TRY IT. This exercise asks for the entries to be repeated exactly, without their images.

EXERCISE MATERIAL.
────────────────
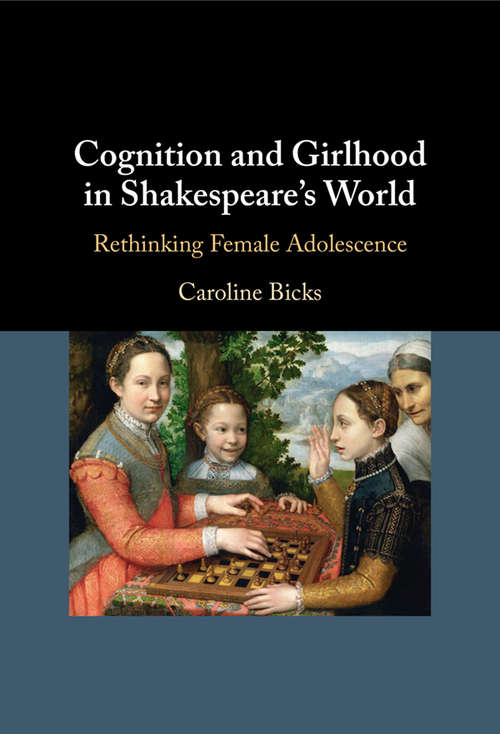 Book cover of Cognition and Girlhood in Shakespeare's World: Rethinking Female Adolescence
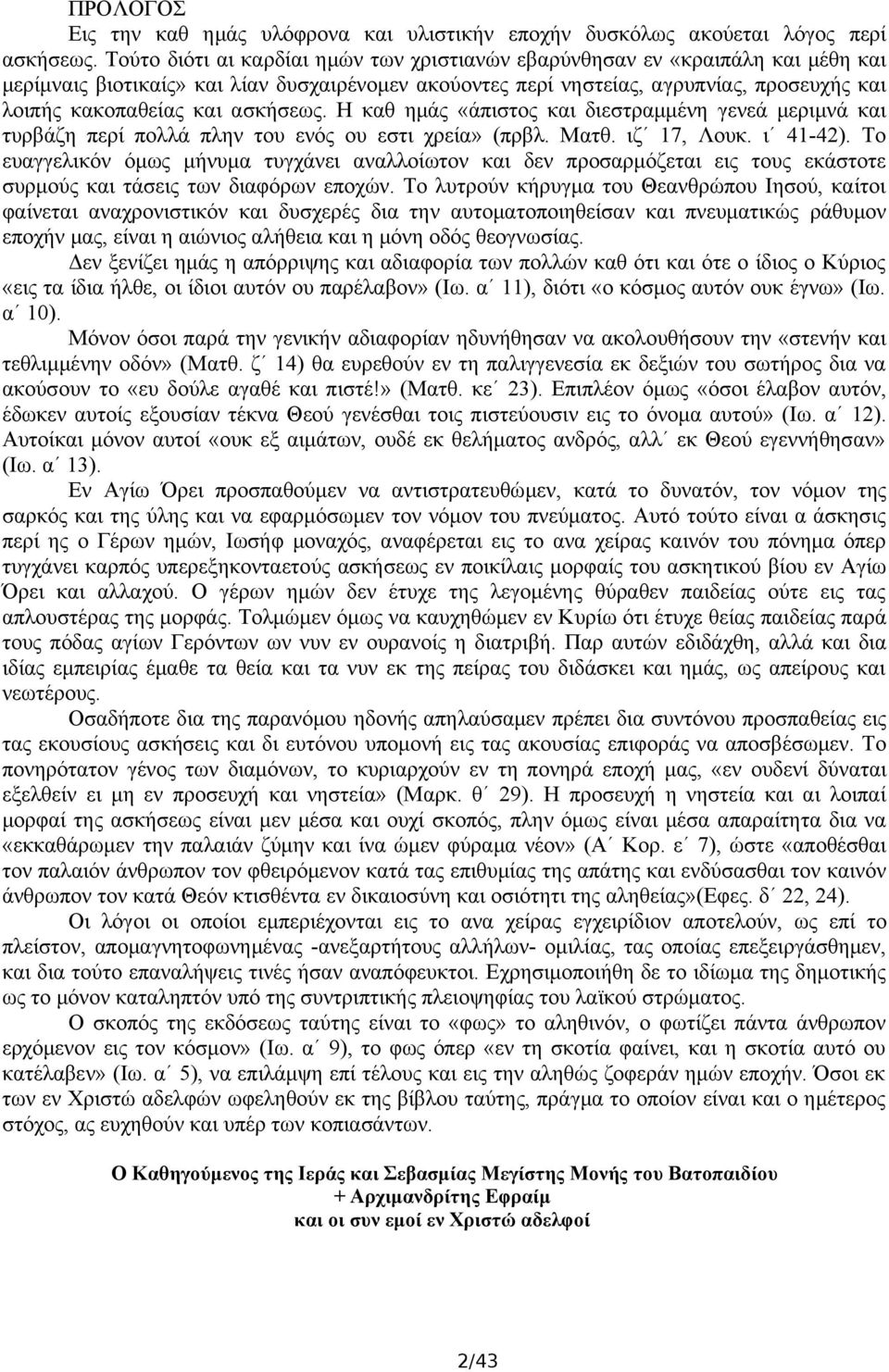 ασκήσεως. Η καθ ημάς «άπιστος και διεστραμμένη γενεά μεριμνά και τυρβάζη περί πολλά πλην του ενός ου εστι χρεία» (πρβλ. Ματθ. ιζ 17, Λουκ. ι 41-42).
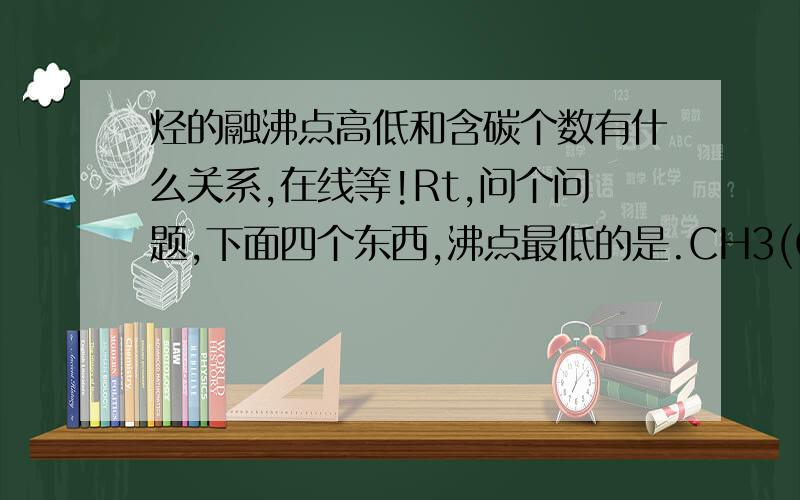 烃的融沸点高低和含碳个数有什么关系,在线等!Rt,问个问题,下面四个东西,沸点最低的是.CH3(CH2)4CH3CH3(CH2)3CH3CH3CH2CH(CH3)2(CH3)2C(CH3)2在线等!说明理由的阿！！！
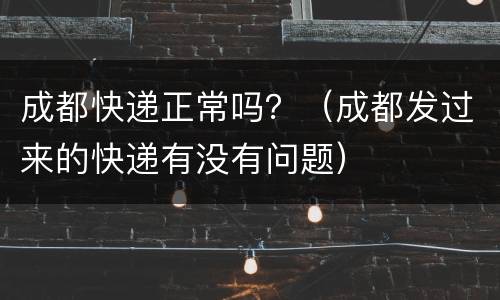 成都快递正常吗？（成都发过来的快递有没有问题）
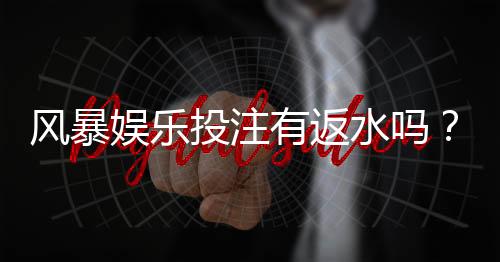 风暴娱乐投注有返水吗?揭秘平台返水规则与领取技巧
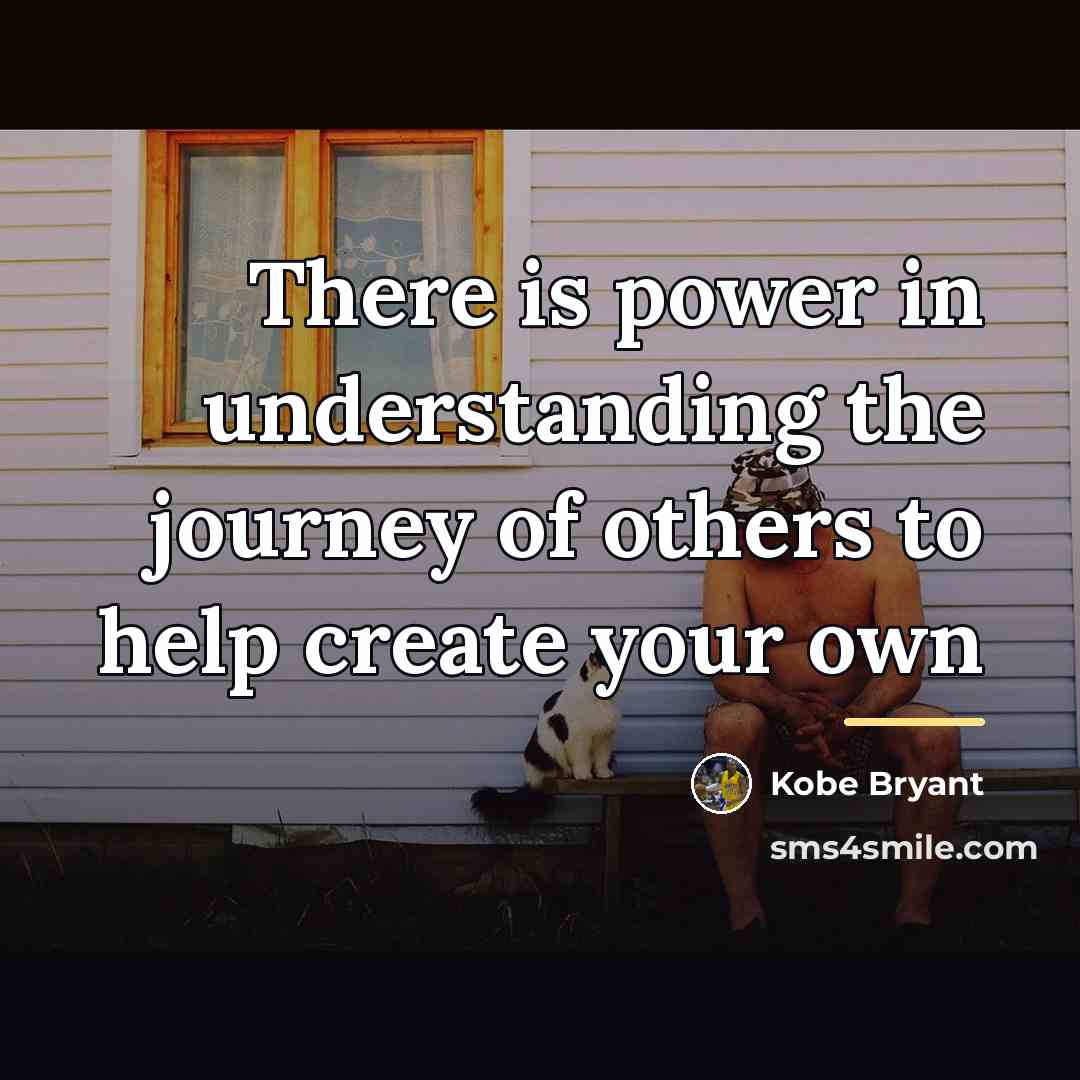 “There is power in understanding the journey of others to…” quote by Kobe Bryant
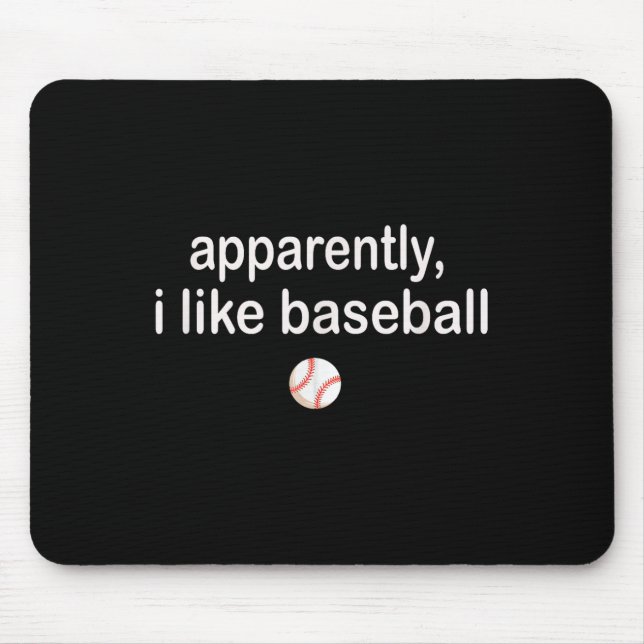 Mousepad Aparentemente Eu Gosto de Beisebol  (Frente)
────────────────
COMPLETED EXERCISE.
 Book cover of Cognition and Girlhood in Shakespeare's World: Rethinking Female Adolescence
 ασκήσεως. Η καθ ημάς «άπιστος και διεστραμμένη γενεά μεριμνά και τυρβάζη περί πολλά πλην του ενός ου εστι χρεία» (πρβλ. Ματθ. ιζ 17, Λουκ. ι 41-42).
 烃的融沸点高低和含碳个数有什么关系,在线等!Rt,问个问题,下面四个东西,沸点最低的是.CH3(CH2)4CH3CH3(CH2)3CH3CH3CH2CH(CH3)2(CH3)2C(CH3)2在线等!说明理由的阿！！！
 成都快递正常吗？（成都发过来的快递有没有问题）
 风暴娱乐投注有返水吗?揭秘平台返水规则与领取技巧
 “There is power in understanding the journey of others to…” quote by Kobe Bryant
 Mousepad Aparentemente Eu Gosto de Beisebol  (Frente)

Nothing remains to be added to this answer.